Du jour au lendemain, toute se transforme pour cette petite provinciale timide : Christine Hoflehner devient Christina von Boolen . Des petites mains à son service modifient sa coiffure, la vêtent d'atours luxueux qui tels des talismans font d'elle une princesse admirée, courtisée par des princes charmants.
Tout aussi brusquement, neuf jours plus tard, le sortilège disparaît.
Devenue indésirable, dans ce lieu où elle avait connu l'
ivresse de la métamorphose, elle retrouve ses tristes vêtements, quitte l'hôtel par la porte de service, revient chez elle où sa mère vient de mourir.
Grandeur et décadence ! Plus dure est la chute pour celle qui revenant dans le monde d'en bas a connu le monde d'en haut ! Elle sombre alors dans la misère, la solitude, dans une amertume qui se conjuguera ensuite avec la rancoeur de son compagnon de misère Ferdinand. Après l'ascension fulgurante, la lente descente aux enfers.
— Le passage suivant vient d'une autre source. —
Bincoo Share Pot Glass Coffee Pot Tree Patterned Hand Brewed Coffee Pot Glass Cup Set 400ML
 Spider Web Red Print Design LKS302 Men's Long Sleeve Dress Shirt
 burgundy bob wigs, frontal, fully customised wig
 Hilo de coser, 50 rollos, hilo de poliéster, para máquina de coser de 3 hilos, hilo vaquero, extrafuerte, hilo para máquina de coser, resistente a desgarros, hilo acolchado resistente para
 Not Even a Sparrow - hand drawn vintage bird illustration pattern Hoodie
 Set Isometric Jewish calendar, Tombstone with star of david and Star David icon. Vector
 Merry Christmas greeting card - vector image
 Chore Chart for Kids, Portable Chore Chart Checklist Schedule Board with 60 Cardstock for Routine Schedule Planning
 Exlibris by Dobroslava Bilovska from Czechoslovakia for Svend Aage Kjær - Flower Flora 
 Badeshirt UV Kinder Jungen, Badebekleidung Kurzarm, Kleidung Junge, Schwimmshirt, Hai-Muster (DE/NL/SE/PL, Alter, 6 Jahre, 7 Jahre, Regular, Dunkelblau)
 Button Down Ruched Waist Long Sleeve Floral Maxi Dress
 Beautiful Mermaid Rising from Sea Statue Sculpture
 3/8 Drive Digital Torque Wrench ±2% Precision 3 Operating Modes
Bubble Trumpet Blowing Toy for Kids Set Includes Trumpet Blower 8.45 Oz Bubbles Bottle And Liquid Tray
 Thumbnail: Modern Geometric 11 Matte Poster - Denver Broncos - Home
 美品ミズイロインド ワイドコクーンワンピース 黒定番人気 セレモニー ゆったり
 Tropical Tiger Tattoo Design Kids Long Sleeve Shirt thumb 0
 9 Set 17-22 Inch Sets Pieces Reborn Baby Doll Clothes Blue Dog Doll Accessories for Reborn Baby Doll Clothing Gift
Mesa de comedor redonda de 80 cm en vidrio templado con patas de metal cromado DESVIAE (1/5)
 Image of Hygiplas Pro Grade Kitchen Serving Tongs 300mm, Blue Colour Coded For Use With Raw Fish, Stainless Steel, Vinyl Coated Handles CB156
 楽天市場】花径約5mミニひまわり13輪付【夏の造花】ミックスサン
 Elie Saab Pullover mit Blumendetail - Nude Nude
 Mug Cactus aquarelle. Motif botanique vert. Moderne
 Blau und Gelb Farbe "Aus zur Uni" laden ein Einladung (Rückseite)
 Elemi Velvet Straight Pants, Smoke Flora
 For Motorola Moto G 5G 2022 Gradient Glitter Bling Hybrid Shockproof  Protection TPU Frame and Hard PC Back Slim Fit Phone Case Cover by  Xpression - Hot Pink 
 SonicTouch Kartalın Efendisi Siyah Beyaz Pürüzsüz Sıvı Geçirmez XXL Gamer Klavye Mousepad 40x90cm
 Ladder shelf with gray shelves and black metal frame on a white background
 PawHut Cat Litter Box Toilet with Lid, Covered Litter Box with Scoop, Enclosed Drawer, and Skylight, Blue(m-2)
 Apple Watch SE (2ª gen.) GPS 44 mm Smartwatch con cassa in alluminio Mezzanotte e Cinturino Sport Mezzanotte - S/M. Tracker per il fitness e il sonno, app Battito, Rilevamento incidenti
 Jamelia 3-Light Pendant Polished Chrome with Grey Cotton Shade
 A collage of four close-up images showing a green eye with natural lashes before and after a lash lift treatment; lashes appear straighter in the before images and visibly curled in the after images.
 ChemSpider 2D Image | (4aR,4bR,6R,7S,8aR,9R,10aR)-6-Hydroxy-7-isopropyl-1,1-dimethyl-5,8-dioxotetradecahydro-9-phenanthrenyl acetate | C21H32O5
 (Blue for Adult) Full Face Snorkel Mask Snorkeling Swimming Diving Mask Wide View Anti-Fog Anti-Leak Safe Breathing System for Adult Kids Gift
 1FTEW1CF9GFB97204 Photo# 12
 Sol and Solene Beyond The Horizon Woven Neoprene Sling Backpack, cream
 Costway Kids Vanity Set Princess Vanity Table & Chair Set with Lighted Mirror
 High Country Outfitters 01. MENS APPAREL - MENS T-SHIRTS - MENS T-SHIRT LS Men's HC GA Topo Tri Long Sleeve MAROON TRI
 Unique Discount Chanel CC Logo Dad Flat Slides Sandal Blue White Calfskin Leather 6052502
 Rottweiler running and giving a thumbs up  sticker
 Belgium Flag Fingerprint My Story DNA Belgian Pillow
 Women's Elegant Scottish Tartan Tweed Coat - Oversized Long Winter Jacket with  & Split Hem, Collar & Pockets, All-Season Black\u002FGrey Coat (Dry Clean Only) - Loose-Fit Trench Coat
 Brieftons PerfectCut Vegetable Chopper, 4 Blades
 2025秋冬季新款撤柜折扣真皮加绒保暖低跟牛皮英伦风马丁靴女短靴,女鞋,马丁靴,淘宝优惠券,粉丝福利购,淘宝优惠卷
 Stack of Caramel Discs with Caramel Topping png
Somme toute, des situations bien romanesques qui n'ont rien à envier à celles des romans de gare , me direz-vous ……. Pourtant, ce qui n'aurait été ailleurs qu'une intrigue conventionnelle devient sous la plume de Zweig la trame d'un magnifique roman .
Une écriture souple et fluide qui épouse les méandres de l'analyse psychologique sublime le contenu de l'ouvrage, une écriture qui donne toute sa mesure lorsque Zweig évoque des sensations paroxysmiques, d'exaltation, au contraire, de profonde dépression. Une action dont l'intérêt ne faiblit jamais, que Zweig fait dépendre du contexte politique et social des années 1914 - 1926 et qu'il situe en des lieux dont l'atmosphère imprime fortement l'esprit des personnages.
La longue description –balzacienne- qui ouvre le roman, puis celle du grand hôtel où Christina rayonne, épanouie, et, comme en écho inversé, celle de l'hôtel borgne et sordide où Ferdinand et Christine vivent leur première et triste relation amoureuse en sont des exemples. Tout en évitant le manichéisme, Zweig se fait observateur de la comédie humaine, jetant un regard décapant sur les conventions, les préjugés des membres de la haute société qui hante les salons du grand hôtel .
Un roman riche, flamboyant dont la fin ouverte et troublante incite le lecteur à envisager lui-même l'issue du drame.